Molière, Le Misanthrope (notes de lecture)
Personnages
Alceste, amant de Célimène
Philinte, ami d’Alceste
Oronte, amant de Célimène
Célimène, amante d’Alceste
Eliante, cousine de Célimène
Arsinoé, amie de Célimène
Acaste, marquis
Clitandre, marquis
Basque, valet de Célimène
Un garde de la maréchaussée de France
Du Bois, valet d’Alceste
La scène est à Paris.
Acte premier
Scène I. Philinte, Alceste
Querelle entre Alceste et Philinte. Le premier est pour la sincérité totale entre les relations humaines, coûte que coûte.
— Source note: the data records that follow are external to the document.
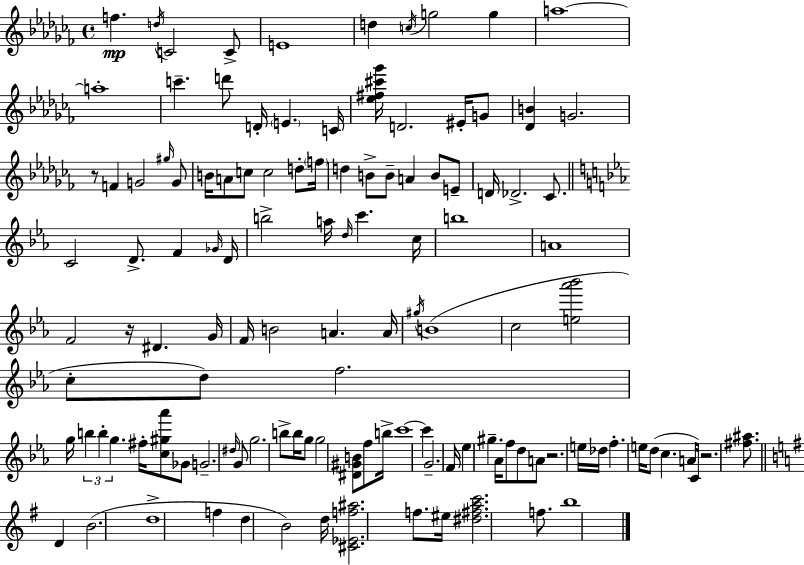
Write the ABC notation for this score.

X:1
T:Untitled
M:4/4
L:1/4
K:Abm
f d/4 C2 C/2 E4 d c/4 g2 g a4 a4 c' d'/2 D/4 E C/4 [_e^f^c'_g']/4 D2 ^E/4 G/2 [_DB] G2 z/2 F G2 ^g/4 G/2 B/4 A/2 c/2 c2 d/2 f/4 d B/2 B/2 A B/2 E/2 D/4 _D2 _C/2 C2 D/2 F _G/4 D/4 b2 a/4 d/4 c' c/4 b4 A4 F2 z/4 ^D G/4 F/4 B2 A A/4 ^g/4 B4 c2 [e_a'_b']2 c/2 d/2 f2 g/4 b b g ^f/4 [c^g_a']/2 _G/2 G2 ^d/4 G/2 g2 b/2 b/4 g/2 g2 [^D^GB]/2 f/2 b/4 c'4 c' G2 F/4 _e ^g _A/4 f/2 d/2 A/2 z2 e/4 _d/4 f e/4 d/2 c A/4 C/4 z2 [^f^a]/2 D B2 d4 f d B2 d/4 [^C_Ef^a]2 f/2 ^e/4 [^d^fac']2 f/2 b4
Le deuxième est pour la moderation à l’égard du dévoilement des opinions personnelles.
Opinion de Philinte: « Lorsqu’un home vous vient embrasser avec joie, / Il faut bien le payer de la même monnoie, / Répondre, comme on peut, à ses empressements. / Et render offre pour offre, et serments pour serments. »
Opinion d’Alceste: « Quel avantage a-t-on qu’on homme vous caresse, / Vous jure amitié, foi, zèle, estime, tendresse, / Et vous fasse de vous un éloge éclatant, / Lorsque au premier faquin il court en faire autant? / Non, non, il n’est point d’âme un peu bien située / Qui veuille d’une estime ainsi prostituée; / Et la plus glorieuse a des régals peu chers; / Dès qu’on voit qu’on nous mêle avec tout l’univers: / Sur quelque préférence une estime se fonde, / Et c’est n’estimer rien qu’estimer tout le monde. / [...] Je refuse d’un cœur la vaste complaisance / Qui ne fait de mérite aucune différence; / Je veux qu’on me distingue; et pour le trancher net, / L’ami du genre humain n’est point du tout mon fait. »
Philinte désapprouve la position de son ami: « Ce chagrin philosophe est un peu trop sauvage. »
Alceste: « Tous les hommes me sont à tel point odieux, / Que je serais fâché d’être sage à leurs yeux. »
Alceste: « Oui, j’ai conçu pour elle [la nature humaine – n.n.] une effroyable haine. »
Alceste: « [...] je hais tous les hommes; / Les uns, parce qu’ils sont méchants et malfaisants; / Et les autres, pour être aux méchants complaisants, / Et n’avoir pas pour eux ces haines vigoureuses / Que doit donner le vice aux âmes vertueuses ».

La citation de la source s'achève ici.